- Opening Delimiter -
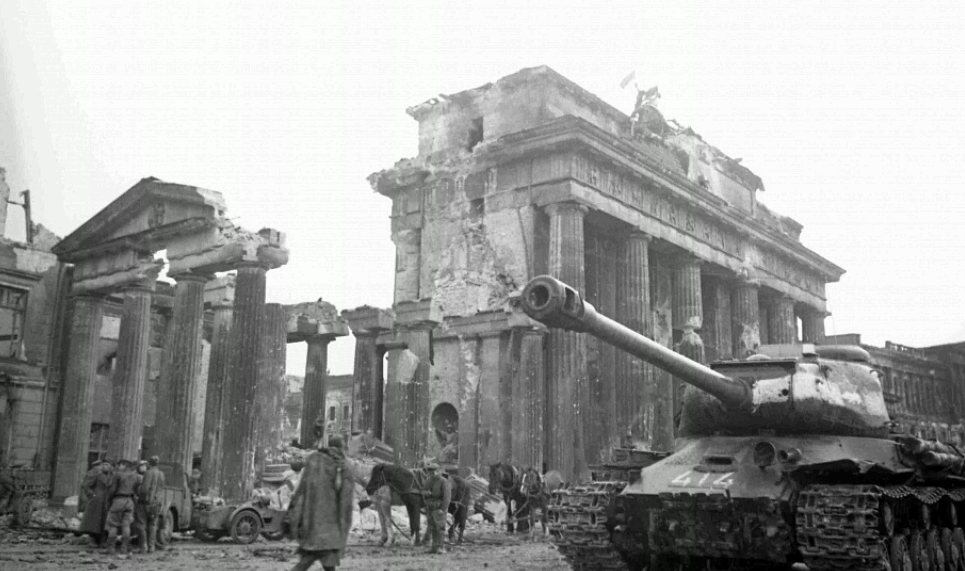 На фоне цветущей весны &mdash; ожесточённые бои. Бои за Берлин. Фото ресурса may9.ru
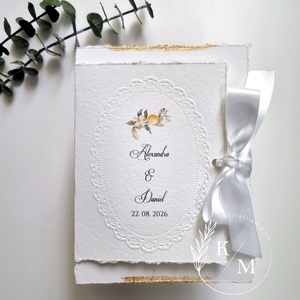 Invitatii de nunta cu margini franjurate, detalii aurii si lamai - Artynos.ro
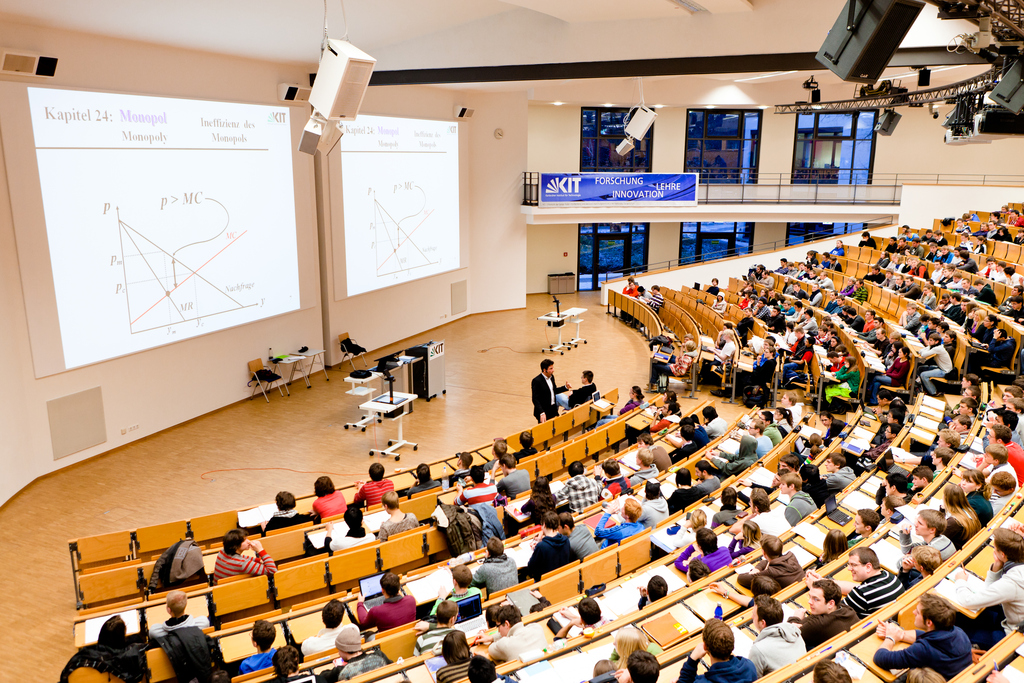 students sitting in the audimax
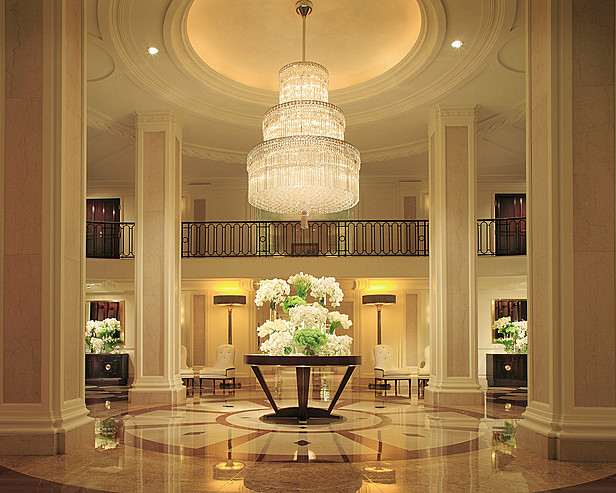 Four Seasons Beverly Wilshire - Lobby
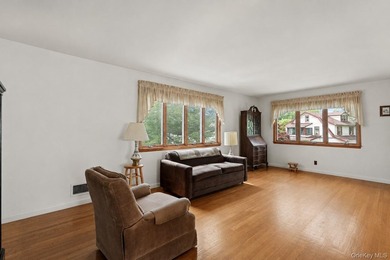 Welcome home to the East End of New Rochelle's highly desirable - photo 17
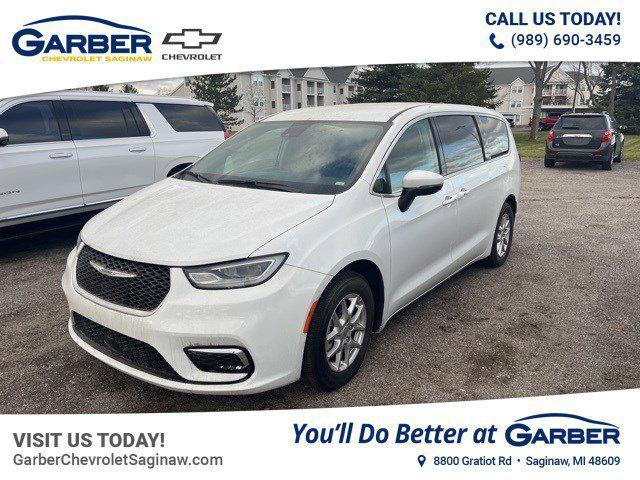 used 2023 Chrysler Pacifica car, priced at $28,964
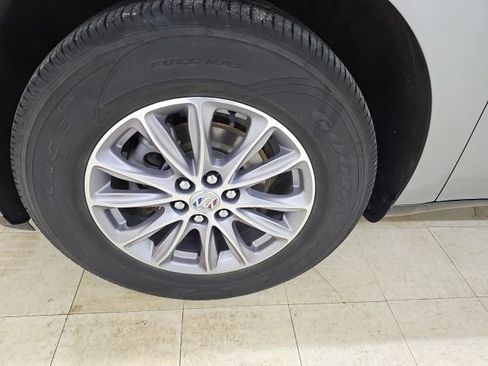 Used 2023 Buick Enclave Essence AWD/4WD image 24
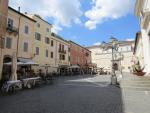 die schöne Piazza della Libertà mit seinen Ristoranti und Bars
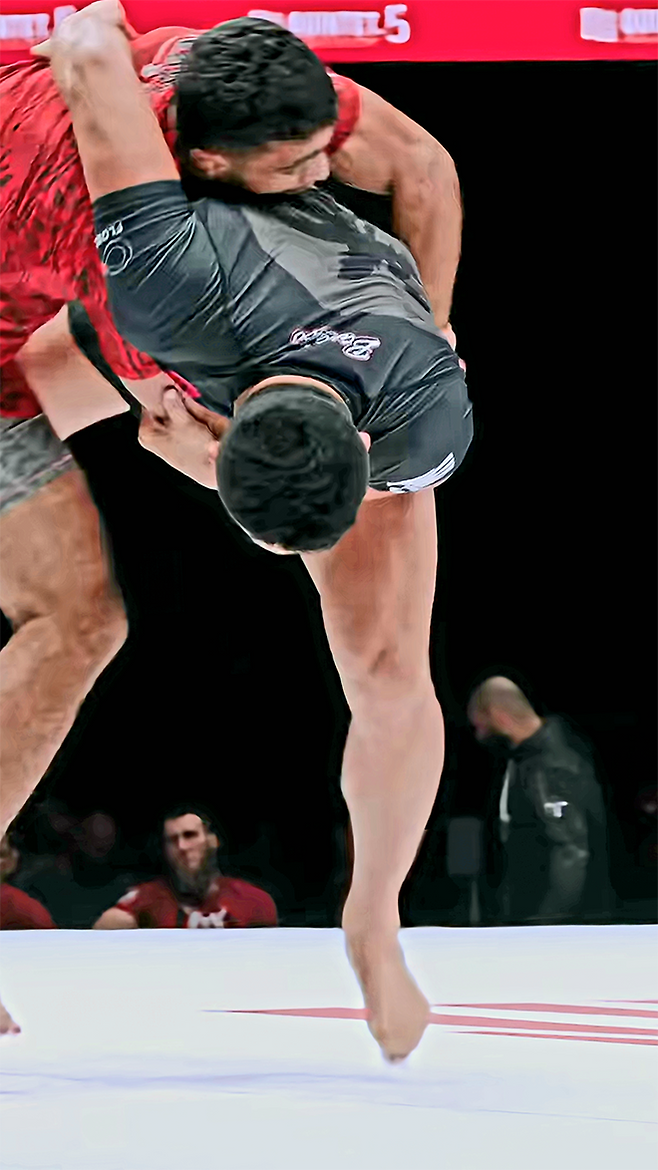 대한민국 UFC 1호 파이터 ‘스턴건’ 김동현이 2025년 10월 아랍에미리트 두바이 코카콜라 아레나 그래플링대회 Quintet 5 ‘팀 방타오 태국’ 중견을 맡아 ‘팀 노게이라 두바이’ 중견으로 나선 압델라우프 미도를 상대하고 있다. 사진=株式会社ラバーランド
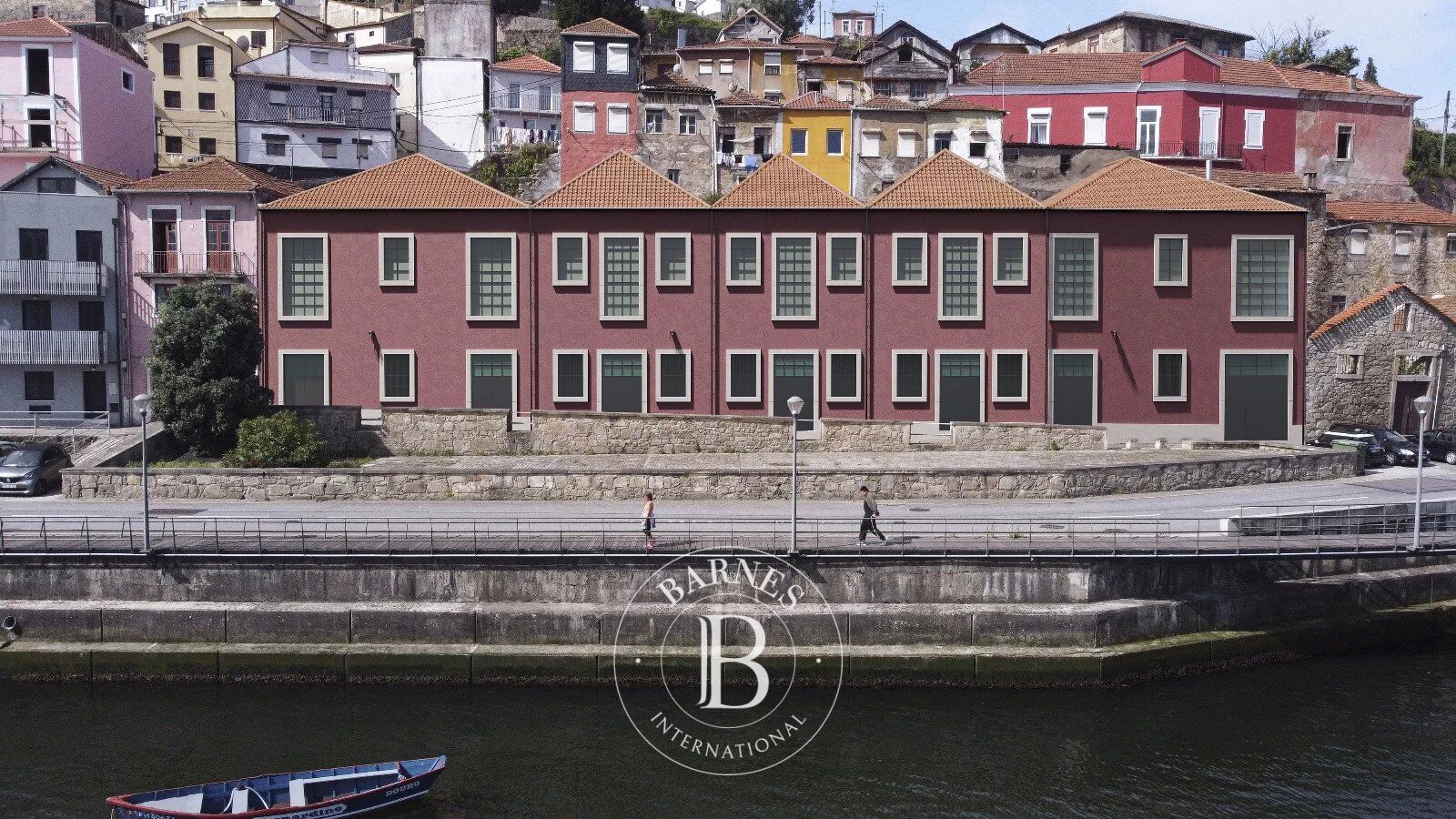 Living in front of the Douro River - picture 2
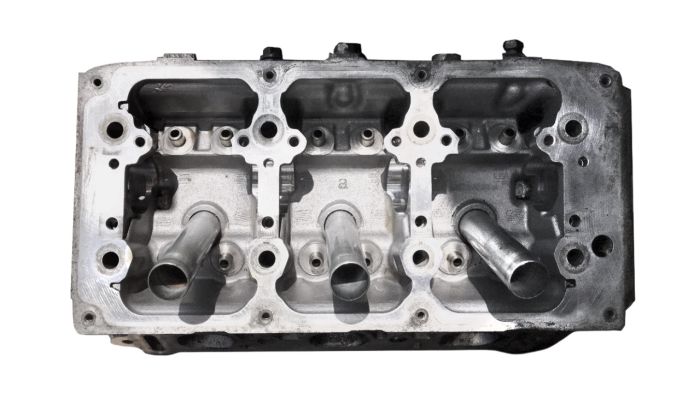 Головка блока цилиндров (ГБЦ)  ПРАВАЯ / ЛЕВАЯ для двигателя 3,2 / 3,5 литра
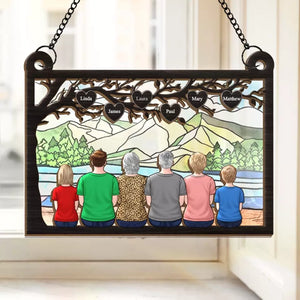 La famille est l'un des chefs-d'œuvre de la nature - Attrape-soleil personnalisé pour fenêtre - Cadeau pour les membres de la famille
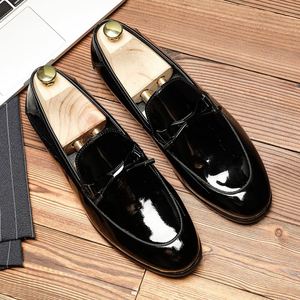 Mocasines de Cuero Hechos a Mano para Hombre, Zapatos Casuales y de Negocios Cómodos, Personalizados, Sin Cordones, Transpirables e Impermeables, que Aumentan la Altura - Product Image 1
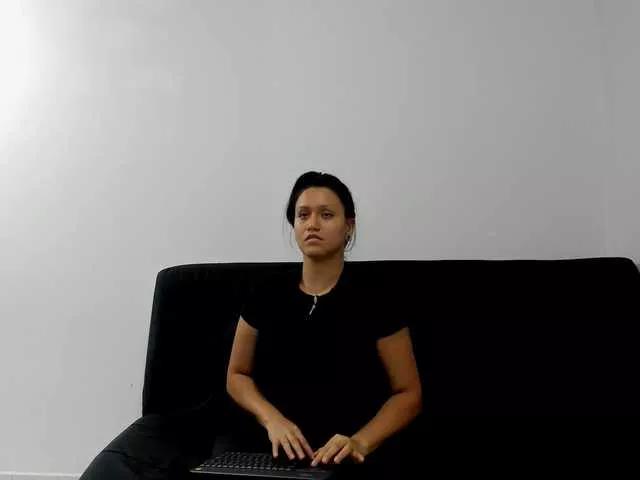 neongloom on BongaCams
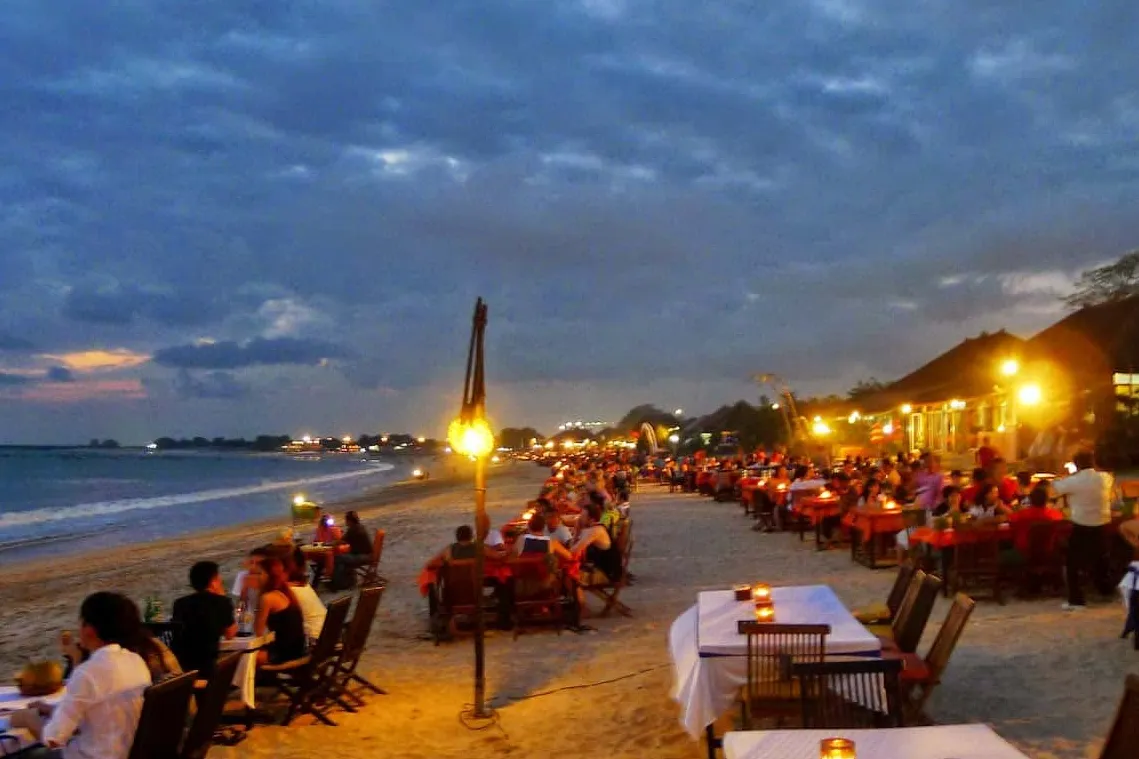 pantai Jimbaran beach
- Closing Delimiter -
All the records need to be retyped word for word, except for the pictures.

» **ANSWER TO THIS EXERCISE**:
 На фоне цветущей весны &mdash; ожесточённые бои. Бои за Берлин. Фото ресурса may9.ru
 Invitatii de nunta cu margini franjurate, detalii aurii si lamai - Artynos.ro
 students sitting in the audimax
 Four Seasons Beverly Wilshire - Lobby
 Welcome home to the East End of New Rochelle's highly desirable - photo 17
 used 2023 Chrysler Pacifica car, priced at $28,964
 Used 2023 Buick Enclave Essence AWD/4WD image 24
 die schöne Piazza della Libertà mit seinen Ristoranti und Bars
 대한민국 UFC 1호 파이터 ‘스턴건’ 김동현이 2025년 10월 아랍에미리트 두바이 코카콜라 아레나 그래플링대회 Quintet 5 ‘팀 방타오 태국’ 중견을 맡아 ‘팀 노게이라 두바이’ 중견으로 나선 압델라우프 미도를 상대하고 있다. 사진=株式会社ラバーランド
 Living in front of the Douro River - picture 2
 Головка блока цилиндров (ГБЦ)  ПРАВАЯ / ЛЕВАЯ для двигателя 3,2 / 3,5 литра
 La famille est l'un des chefs-d'œuvre de la nature - Attrape-soleil personnalisé pour fenêtre - Cadeau pour les membres de la famille
 Mocasines de Cuero Hechos a Mano para Hombre, Zapatos Casuales y de Negocios Cómodos, Personalizados, Sin Cordones, Transpirables e Impermeables, que Aumentan la Altura - Product Image 1
 neongloom on BongaCams
 pantai Jimbaran beach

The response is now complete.